Exercise directions – Search the data for the string "Отель" and copy each line where it turns up.

Entries taken from a collection:
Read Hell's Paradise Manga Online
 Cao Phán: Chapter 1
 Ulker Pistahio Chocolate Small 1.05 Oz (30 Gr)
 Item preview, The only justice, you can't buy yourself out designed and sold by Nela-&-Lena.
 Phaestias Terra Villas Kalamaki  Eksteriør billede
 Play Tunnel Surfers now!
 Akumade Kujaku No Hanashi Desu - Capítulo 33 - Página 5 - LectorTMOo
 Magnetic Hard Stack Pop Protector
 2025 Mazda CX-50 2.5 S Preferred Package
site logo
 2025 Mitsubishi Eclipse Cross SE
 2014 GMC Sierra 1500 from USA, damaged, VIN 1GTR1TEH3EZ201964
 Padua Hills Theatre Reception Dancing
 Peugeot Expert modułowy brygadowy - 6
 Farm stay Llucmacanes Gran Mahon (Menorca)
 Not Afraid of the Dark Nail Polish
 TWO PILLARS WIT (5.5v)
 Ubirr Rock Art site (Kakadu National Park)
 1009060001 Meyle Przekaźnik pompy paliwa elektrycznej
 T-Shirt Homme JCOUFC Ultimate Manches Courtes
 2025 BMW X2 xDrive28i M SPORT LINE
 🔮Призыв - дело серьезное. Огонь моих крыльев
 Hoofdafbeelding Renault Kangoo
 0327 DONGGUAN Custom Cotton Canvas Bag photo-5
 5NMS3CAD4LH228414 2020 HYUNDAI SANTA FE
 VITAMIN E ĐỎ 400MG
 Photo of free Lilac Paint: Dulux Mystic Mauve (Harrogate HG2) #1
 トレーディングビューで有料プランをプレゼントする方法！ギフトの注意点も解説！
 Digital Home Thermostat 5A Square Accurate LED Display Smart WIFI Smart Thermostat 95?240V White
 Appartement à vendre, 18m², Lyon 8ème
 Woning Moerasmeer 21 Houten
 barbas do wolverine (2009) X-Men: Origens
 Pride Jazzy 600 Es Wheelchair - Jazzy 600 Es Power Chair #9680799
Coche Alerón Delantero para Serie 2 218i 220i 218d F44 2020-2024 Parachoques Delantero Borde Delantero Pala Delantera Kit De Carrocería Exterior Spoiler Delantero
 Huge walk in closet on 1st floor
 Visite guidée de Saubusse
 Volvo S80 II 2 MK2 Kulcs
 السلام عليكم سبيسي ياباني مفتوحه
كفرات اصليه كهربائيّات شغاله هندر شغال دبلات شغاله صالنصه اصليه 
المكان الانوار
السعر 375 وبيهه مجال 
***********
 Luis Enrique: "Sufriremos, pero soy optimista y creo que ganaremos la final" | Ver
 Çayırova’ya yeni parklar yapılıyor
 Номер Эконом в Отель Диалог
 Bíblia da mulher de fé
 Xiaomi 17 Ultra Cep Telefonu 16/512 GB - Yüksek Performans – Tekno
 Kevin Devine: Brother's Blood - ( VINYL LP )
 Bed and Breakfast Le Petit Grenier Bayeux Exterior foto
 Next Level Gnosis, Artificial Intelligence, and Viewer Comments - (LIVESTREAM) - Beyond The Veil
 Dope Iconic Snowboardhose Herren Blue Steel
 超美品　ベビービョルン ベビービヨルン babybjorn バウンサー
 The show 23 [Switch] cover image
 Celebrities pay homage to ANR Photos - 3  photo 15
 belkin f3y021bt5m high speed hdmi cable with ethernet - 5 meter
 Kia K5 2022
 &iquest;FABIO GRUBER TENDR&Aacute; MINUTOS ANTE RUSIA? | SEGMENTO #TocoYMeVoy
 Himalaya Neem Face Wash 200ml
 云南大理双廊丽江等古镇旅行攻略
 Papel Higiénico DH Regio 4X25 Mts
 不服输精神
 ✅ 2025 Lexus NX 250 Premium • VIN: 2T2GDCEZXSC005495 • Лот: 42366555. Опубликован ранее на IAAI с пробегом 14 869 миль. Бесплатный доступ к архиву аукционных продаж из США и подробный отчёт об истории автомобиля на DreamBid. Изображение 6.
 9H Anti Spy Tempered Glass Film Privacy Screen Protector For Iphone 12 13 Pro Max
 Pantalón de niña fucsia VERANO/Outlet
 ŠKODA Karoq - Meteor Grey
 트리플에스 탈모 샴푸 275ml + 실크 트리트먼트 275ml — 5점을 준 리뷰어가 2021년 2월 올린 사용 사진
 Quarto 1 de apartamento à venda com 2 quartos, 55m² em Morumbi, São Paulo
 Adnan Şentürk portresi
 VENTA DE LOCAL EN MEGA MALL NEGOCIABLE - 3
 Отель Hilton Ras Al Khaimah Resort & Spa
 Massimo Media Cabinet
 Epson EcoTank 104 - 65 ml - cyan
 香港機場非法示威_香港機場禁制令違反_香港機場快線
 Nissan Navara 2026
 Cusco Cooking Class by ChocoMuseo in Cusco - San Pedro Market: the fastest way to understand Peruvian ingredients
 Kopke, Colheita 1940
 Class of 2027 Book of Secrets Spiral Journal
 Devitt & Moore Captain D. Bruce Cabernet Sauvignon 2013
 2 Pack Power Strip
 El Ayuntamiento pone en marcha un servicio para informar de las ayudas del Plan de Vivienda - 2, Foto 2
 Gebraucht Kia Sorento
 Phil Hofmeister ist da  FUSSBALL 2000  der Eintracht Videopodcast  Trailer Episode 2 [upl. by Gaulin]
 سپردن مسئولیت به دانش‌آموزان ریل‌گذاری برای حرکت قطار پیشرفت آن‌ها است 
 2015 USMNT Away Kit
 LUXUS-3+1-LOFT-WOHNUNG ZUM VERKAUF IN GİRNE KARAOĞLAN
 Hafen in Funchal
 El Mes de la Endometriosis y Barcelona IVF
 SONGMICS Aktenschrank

Result for this exercise –
 Номер Эконом в Отель Диалог
 Отель Hilton Ras Al Khaimah Resort & Spa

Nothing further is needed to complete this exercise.